*** Material shown ***
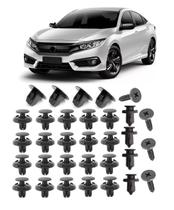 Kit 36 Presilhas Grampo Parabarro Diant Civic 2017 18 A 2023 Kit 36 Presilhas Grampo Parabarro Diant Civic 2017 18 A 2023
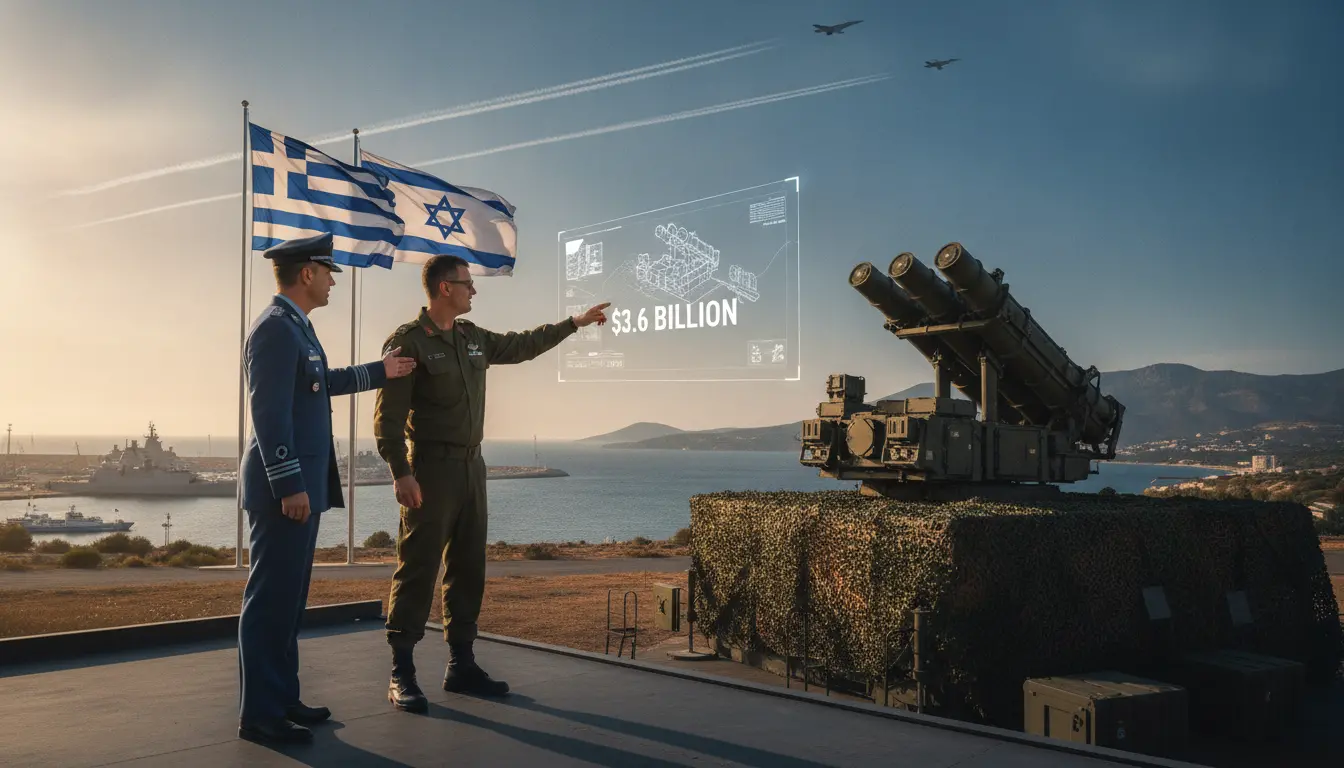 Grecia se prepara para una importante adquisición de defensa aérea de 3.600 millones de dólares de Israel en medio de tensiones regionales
*** End of Material shown ***
*** Material shown ***
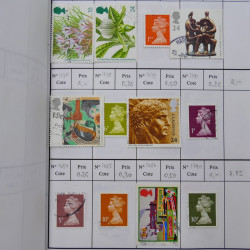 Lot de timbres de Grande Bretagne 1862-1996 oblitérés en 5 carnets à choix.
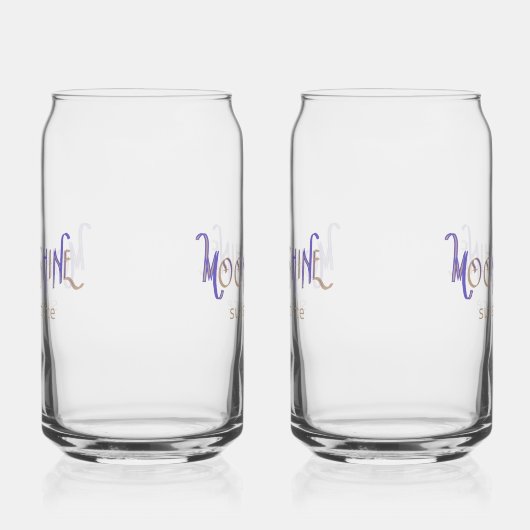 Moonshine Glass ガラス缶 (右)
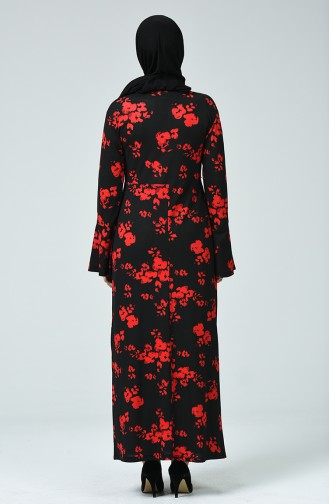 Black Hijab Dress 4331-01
*** End of Material shown ***
**Work to be completed**: Skip every picture, and restate word for word only the lines above from the line containing "2023 Kit 36" to the line containing "Grecia se prepara", both of them included.

**The completed task**:
 Kit 36 Presilhas Grampo Parabarro Diant Civic 2017 18 A 2023 Kit 36 Presilhas Grampo Parabarro Diant Civic 2017 18 A 2023
 Grecia se prepara para una importante adquisición de defensa aérea de 3.600 millones de dólares de Israel en medio de tensiones regionales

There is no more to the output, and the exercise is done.